Mai in vita mia mi era successo un fatto simile. Inutile dire che la notte fu una veglia nonostante la tisana e scoprii un lato nuovo di me stessa, avevo paura di non farcela, pensai alle figure con i famigliari e i colleghi, non disponevo di una cifra per coprire l'ammanco e mi colse la disperazione.

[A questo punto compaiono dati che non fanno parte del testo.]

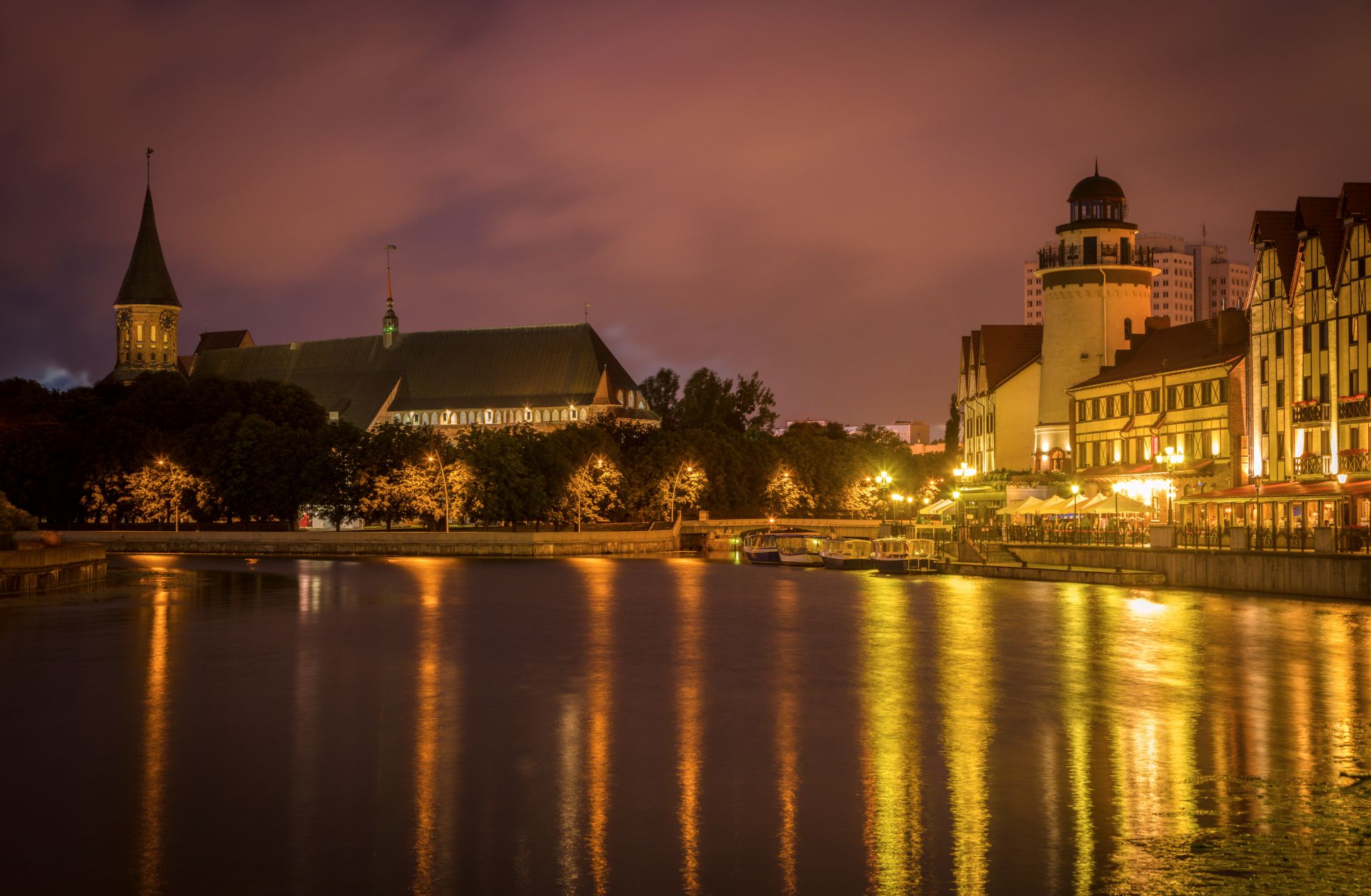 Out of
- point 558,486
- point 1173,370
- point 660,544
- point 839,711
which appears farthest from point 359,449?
point 839,711

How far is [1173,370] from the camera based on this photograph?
84.9 metres

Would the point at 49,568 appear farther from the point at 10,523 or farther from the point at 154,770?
the point at 154,770

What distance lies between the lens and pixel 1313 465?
67250 millimetres

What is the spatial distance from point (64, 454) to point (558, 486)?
47.0 m

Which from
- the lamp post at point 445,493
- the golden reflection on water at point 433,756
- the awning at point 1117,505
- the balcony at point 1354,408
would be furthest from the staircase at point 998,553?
the lamp post at point 445,493

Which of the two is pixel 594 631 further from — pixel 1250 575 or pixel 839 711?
pixel 1250 575

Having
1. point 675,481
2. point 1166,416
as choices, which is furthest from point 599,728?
point 675,481

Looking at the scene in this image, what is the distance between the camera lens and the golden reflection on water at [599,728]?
59.6 feet

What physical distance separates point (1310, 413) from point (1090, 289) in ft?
115

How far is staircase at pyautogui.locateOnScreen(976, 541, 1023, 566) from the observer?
8044 cm

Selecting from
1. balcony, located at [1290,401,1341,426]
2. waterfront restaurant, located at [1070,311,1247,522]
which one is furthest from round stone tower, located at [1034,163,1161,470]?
balcony, located at [1290,401,1341,426]

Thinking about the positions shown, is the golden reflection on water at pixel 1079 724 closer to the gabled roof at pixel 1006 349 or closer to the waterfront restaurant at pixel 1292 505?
the waterfront restaurant at pixel 1292 505

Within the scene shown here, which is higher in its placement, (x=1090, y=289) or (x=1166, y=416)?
(x=1090, y=289)

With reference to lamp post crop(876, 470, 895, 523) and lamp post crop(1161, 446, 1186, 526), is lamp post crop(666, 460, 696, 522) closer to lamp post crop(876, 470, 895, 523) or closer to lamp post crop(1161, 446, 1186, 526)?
lamp post crop(876, 470, 895, 523) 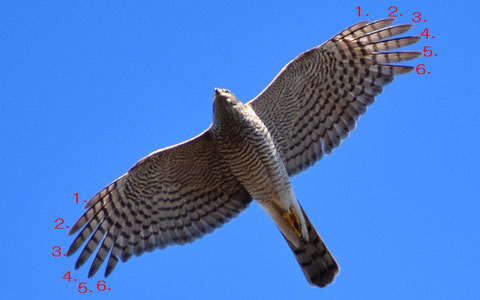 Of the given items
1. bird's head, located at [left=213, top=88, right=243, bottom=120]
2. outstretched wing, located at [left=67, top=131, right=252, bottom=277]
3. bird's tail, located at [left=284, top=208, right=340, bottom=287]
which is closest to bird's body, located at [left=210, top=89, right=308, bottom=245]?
bird's head, located at [left=213, top=88, right=243, bottom=120]

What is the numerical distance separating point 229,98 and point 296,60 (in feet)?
3.75

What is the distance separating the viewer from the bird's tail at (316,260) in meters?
16.8

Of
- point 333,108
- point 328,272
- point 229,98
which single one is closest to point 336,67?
point 333,108

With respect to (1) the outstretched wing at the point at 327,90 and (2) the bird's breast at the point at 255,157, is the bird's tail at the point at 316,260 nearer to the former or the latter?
(2) the bird's breast at the point at 255,157

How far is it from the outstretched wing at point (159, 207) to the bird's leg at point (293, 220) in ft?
2.66

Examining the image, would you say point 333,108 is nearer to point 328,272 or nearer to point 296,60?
point 296,60

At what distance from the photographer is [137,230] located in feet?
56.5

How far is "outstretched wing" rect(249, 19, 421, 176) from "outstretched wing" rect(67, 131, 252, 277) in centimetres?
104

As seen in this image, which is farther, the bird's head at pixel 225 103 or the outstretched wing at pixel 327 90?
the outstretched wing at pixel 327 90

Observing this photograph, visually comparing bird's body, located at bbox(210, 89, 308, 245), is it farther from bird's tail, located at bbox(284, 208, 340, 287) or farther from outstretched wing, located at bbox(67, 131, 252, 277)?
outstretched wing, located at bbox(67, 131, 252, 277)

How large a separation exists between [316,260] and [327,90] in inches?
97.5

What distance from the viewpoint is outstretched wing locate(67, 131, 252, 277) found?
16.9 m

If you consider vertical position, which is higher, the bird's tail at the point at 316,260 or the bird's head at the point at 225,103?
the bird's head at the point at 225,103

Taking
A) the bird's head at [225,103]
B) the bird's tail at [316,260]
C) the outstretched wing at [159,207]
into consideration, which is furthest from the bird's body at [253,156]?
the outstretched wing at [159,207] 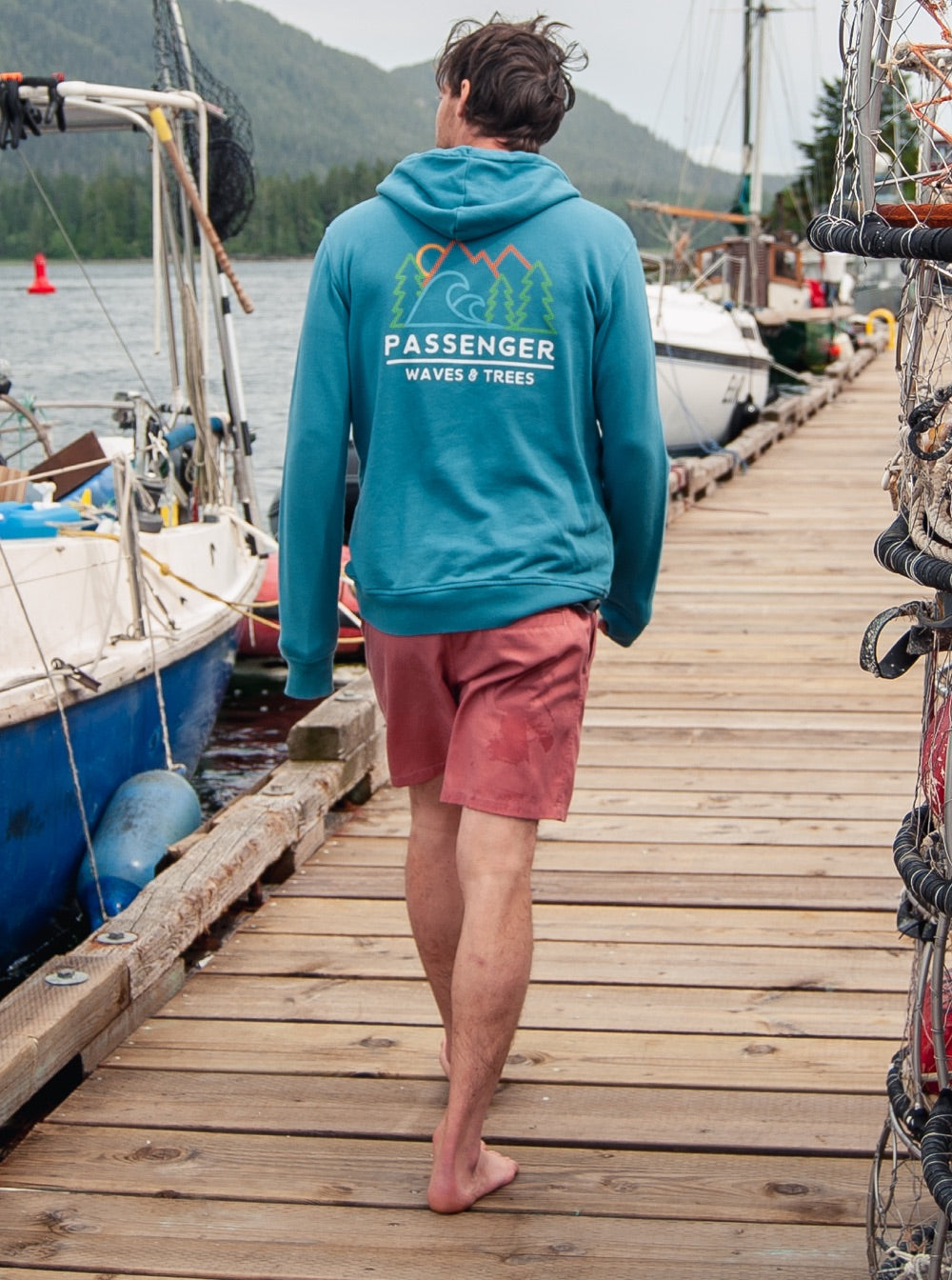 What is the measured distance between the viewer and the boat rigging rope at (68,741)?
17.7 ft

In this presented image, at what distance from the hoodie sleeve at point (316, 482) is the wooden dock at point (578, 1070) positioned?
2.73 feet

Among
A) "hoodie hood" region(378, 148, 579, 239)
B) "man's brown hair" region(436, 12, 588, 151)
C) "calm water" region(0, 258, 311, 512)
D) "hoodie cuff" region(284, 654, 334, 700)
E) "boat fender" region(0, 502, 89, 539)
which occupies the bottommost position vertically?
"calm water" region(0, 258, 311, 512)

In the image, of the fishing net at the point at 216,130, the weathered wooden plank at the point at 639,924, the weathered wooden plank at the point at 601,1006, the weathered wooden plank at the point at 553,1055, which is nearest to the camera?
the weathered wooden plank at the point at 553,1055

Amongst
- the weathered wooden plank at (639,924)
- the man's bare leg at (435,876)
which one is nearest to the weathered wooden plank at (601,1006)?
the weathered wooden plank at (639,924)

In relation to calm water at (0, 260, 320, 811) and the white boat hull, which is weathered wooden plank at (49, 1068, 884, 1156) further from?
the white boat hull

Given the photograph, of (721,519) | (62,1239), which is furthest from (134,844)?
(721,519)

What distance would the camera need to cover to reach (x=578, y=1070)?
3010mm

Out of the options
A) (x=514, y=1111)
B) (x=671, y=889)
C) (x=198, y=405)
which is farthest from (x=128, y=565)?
(x=514, y=1111)

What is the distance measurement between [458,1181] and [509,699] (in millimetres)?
763

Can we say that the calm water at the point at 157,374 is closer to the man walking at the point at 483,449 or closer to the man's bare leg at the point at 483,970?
the man walking at the point at 483,449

Uscii alle sette da casa, salii in auto e cominciai a pigiare sull'acceleratore per le strade ancor poco trafficate, provavo una certa ebbrezza e il fatto mi fece dimenticare tutto. Improvvisamente l'auto cominciò a sussultare, la spia del carburante era sul rosso stabile, mi fermai sul ciglio di una strada alberata, alzai il cofano, perché?......forse per il fatto che quando si è in panne si alza il cofano e si guarda cosa c'è dentro senza capirci niente. Sentii un fruscio e mi si affiancò una limousine condotta da un autista tutto in grigio scuro, dalla porta posteriore uscì e si avvicinò un signore alto, brizzolato, leggermente claudicante, distinto. Mi domandò con una voce profonda e la erre moscia cosa era successo e diede ordini al suo autista......... "Cos'e' successo, dice?" Risposi quasi con le lacrime agli occhi. Non volevo certo mettermi a piangere li' come una cretina, ma lo stress, la notte senza sonno eppure carica d'incubi, il pensiero fisso di come avrei fatto a... Insomma, sbottai e mi misi a raccontare tutto, come a volte si fa con un perfetto sconosciuto, affidando a lui che non ci conosce pensieri che non riveleremmo agli amici piu' cari. Ascoltava senza tradire emozioni, ma con evidente interesse. "Posso aiutarvi io", rispose alla fine con un sorriso strano. "Sia per la macchina che per il resto. Ma vi costera' comunque un ringraziamento. No, niente di quello che state pensando: sono vecchio per queste cose. Diciamo che potrei avere un certo tornaconto. Ma intanto salite sulla mia macchina: mandero' Pietro a riprendere la vostra. Finiremo di parlare davanti a una tazza di caffe' ". Fin qui, la storia seguiva un binario prevedibile. Quel che non mi aspettavo, entrando in casa sua (un villone da favola), era la targa sul cancello: "Villa Bonomi", e poi il sorriso beffardo della mia amica sprofondata in una poltrona con un vassoio di biscotti in mano, lei sempre cosi' attenta alla linea.